» DESCRIPTION OF THE TASK
Output each line from the one that contains "Used 2024 Toyota Corolla LE image 2" to the final line of the data below, exactly, and include nothing else.

Caption-style text data
◆ ◆ ◆

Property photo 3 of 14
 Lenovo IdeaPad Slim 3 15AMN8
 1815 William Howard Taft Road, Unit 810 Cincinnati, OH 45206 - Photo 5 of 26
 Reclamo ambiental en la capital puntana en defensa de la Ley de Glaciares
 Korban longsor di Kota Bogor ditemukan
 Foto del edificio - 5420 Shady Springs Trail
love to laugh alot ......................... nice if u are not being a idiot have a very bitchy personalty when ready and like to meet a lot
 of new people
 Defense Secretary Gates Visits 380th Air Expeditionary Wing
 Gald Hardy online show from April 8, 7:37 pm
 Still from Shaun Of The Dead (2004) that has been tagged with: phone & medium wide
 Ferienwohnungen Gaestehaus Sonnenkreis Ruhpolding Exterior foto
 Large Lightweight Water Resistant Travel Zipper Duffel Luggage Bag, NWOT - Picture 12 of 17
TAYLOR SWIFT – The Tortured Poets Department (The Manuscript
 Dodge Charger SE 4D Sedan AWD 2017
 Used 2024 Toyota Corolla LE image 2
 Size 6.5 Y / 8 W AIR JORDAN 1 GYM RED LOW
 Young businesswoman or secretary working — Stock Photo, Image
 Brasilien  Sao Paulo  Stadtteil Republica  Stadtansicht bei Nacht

◆ ◆ ◆

» WORKED SOLUTION
 Used 2024 Toyota Corolla LE image 2
 Size 6.5 Y / 8 W AIR JORDAN 1 GYM RED LOW
 Young businesswoman or secretary working — Stock Photo, Image
 Brasilien  Sao Paulo  Stadtteil Republica  Stadtansicht bei Nacht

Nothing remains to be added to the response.